BioShock Infinite goes gold, Irrational says it cut enough content to "make five or six games"
It's time to make sure your tickets are in order and your tweed vests are properly packed in your steamer trunks, because the (sky)train to BioShock: Infinite's floating metropolis is on schedule to depart on March 26. That is, Irrational's Ken Levine wrote in a blog post that the game has gone gold.
"When we first announced BioShock Infinite, we made a promise to deliver a game that was very much a BioShock experience, and at the same time something completely different," Levine says. "And our commitment to making good on that promise, no matter what, has been our driving force for the last three years or so."

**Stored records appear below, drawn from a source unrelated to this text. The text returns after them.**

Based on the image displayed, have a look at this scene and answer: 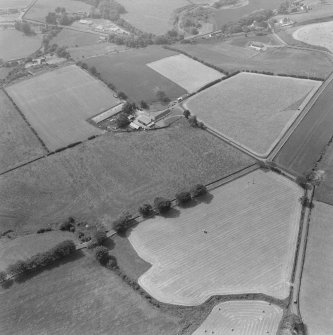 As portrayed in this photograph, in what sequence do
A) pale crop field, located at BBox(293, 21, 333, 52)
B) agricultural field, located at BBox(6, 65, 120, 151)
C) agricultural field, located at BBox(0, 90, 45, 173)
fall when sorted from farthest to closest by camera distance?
1. pale crop field, located at BBox(293, 21, 333, 52)
2. agricultural field, located at BBox(6, 65, 120, 151)
3. agricultural field, located at BBox(0, 90, 45, 173)

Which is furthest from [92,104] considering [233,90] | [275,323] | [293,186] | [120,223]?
[275,323]

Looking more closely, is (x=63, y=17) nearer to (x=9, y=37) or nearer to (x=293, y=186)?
(x=9, y=37)

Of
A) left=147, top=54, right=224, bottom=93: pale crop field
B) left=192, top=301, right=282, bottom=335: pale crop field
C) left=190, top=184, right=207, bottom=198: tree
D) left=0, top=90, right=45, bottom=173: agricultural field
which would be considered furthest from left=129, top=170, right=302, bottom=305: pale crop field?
left=147, top=54, right=224, bottom=93: pale crop field

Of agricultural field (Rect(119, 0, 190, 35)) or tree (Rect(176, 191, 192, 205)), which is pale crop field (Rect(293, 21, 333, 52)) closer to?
agricultural field (Rect(119, 0, 190, 35))

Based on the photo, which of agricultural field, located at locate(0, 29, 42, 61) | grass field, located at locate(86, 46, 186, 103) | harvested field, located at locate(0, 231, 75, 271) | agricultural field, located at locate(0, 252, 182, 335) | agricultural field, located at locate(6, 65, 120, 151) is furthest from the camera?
agricultural field, located at locate(0, 29, 42, 61)

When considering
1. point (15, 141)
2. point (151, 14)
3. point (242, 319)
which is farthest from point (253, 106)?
point (151, 14)

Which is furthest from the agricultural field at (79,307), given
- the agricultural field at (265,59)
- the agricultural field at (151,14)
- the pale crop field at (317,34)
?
the agricultural field at (151,14) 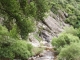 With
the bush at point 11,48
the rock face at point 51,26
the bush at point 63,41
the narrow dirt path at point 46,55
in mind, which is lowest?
the rock face at point 51,26

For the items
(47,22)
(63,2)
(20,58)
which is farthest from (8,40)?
(63,2)

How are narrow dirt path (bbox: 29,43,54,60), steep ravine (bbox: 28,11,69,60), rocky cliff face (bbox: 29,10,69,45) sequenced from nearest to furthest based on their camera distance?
narrow dirt path (bbox: 29,43,54,60) < steep ravine (bbox: 28,11,69,60) < rocky cliff face (bbox: 29,10,69,45)

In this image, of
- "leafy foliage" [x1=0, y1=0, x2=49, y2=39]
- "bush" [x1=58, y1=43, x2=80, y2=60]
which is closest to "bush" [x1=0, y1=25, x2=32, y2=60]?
"bush" [x1=58, y1=43, x2=80, y2=60]

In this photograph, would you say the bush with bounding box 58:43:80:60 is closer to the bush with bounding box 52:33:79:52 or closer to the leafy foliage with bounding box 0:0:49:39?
the bush with bounding box 52:33:79:52

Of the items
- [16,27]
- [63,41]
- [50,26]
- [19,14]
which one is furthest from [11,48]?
[50,26]

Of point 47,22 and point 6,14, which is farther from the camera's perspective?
point 47,22

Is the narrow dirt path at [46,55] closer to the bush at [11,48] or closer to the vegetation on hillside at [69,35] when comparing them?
the vegetation on hillside at [69,35]

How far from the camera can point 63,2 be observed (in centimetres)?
5931

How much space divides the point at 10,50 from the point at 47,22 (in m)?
25.6

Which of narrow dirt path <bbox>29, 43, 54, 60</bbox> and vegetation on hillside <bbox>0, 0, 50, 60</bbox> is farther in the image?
narrow dirt path <bbox>29, 43, 54, 60</bbox>

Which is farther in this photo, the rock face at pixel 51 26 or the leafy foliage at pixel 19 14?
the rock face at pixel 51 26

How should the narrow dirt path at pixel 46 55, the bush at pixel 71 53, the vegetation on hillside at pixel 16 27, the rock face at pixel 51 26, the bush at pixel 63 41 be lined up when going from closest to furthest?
the vegetation on hillside at pixel 16 27
the bush at pixel 71 53
the narrow dirt path at pixel 46 55
the bush at pixel 63 41
the rock face at pixel 51 26

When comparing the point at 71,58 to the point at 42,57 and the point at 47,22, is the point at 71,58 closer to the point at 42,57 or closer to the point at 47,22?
the point at 42,57

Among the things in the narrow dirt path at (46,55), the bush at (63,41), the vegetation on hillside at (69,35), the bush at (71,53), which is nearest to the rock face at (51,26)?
the vegetation on hillside at (69,35) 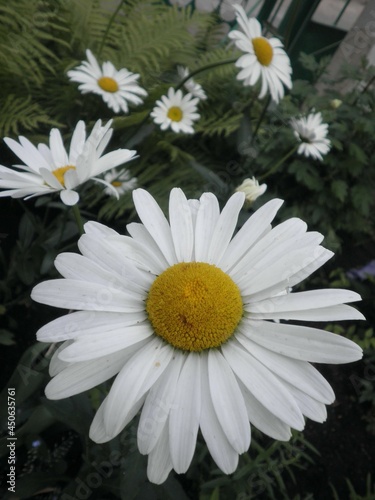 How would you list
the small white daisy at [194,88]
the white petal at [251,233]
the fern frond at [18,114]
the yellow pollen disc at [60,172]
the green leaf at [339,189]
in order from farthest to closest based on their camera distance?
the green leaf at [339,189] < the small white daisy at [194,88] < the fern frond at [18,114] < the yellow pollen disc at [60,172] < the white petal at [251,233]

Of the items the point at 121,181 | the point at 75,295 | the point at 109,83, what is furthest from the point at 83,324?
the point at 109,83

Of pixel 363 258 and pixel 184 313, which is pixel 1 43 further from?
pixel 363 258

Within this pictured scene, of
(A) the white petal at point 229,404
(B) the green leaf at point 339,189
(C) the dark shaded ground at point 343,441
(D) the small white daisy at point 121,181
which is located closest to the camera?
(A) the white petal at point 229,404

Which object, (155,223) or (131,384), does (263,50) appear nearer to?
(155,223)

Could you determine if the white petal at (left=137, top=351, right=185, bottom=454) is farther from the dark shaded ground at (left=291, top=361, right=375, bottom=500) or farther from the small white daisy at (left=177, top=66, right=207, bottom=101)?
the small white daisy at (left=177, top=66, right=207, bottom=101)

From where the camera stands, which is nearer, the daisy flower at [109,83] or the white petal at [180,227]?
the white petal at [180,227]

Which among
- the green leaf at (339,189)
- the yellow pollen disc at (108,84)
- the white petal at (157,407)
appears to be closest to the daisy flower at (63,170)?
the white petal at (157,407)

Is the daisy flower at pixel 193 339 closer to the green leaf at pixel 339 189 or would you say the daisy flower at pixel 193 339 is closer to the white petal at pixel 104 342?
the white petal at pixel 104 342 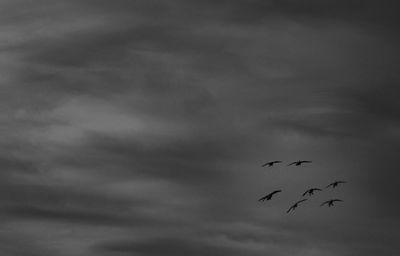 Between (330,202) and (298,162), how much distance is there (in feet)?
48.0

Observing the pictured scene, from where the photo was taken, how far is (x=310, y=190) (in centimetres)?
15625

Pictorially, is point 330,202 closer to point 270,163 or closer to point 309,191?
point 309,191

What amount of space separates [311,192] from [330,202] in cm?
663

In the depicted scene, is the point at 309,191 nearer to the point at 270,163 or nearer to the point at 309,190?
the point at 309,190

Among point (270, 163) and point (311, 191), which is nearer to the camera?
point (270, 163)

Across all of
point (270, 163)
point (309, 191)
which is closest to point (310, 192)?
point (309, 191)

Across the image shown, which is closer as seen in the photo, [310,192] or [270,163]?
[270,163]

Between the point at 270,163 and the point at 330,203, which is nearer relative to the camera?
the point at 270,163

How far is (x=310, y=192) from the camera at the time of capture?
511 feet

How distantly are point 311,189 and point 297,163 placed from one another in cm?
813

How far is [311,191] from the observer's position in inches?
6171

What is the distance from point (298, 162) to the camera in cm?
15138

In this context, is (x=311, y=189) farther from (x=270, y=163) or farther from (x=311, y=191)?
(x=270, y=163)

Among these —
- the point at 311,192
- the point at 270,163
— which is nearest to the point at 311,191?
the point at 311,192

Levine breaks down the damage in delivering a worthy successor to BioShock after five years in development: "The total cost of the game was five years, 941 billion Klingon darseks (plus tip), 47 camels, a cranberry flan, and the blood, sweat, and tears of the Irrational team." Useless fact of the day: a darsek roughly equals one half of a bar of gold-pressed latinum.
Over at Polygon, Design Director Bill Gardner talks about the bumps and design redirections encountered in Infinite's long skyrail leading to release, revealing he initially conceived the game's setting taking place during the Renaissance period and that the team ultimately culled enough content to "make five or six games."
"I will say that I was actually pushing for something more Renaissance, but within six months, Assassin's Creed II was announced and I was like, 'OK, well they beat us to the punch,'" Gardner says.
With one of the most contextually sensitive remarks I've ever seen, Gardner comments on Infinite's canned content: "I mean, it pains you when you're talking about about cutting one of your babies, but ultimately, you've got to to look at the final piece."
Though Gardner didn't elaborate on how fleshed-out the cut content actually was, I find it somewhat difficult not to address the slight hyperbole in the reported quantity of Infinite's axed portions. It's more likely Gardner is referring to possible ideas for levels and mechanics that were eventually discarded or half-finished areas eliminated for the sake of time or to ensure what the player experiences jives with Irrational's intended theme. And from what we saw during our recent and lengthy visit to Columbia, its surviving districts pull off that obligation most handily.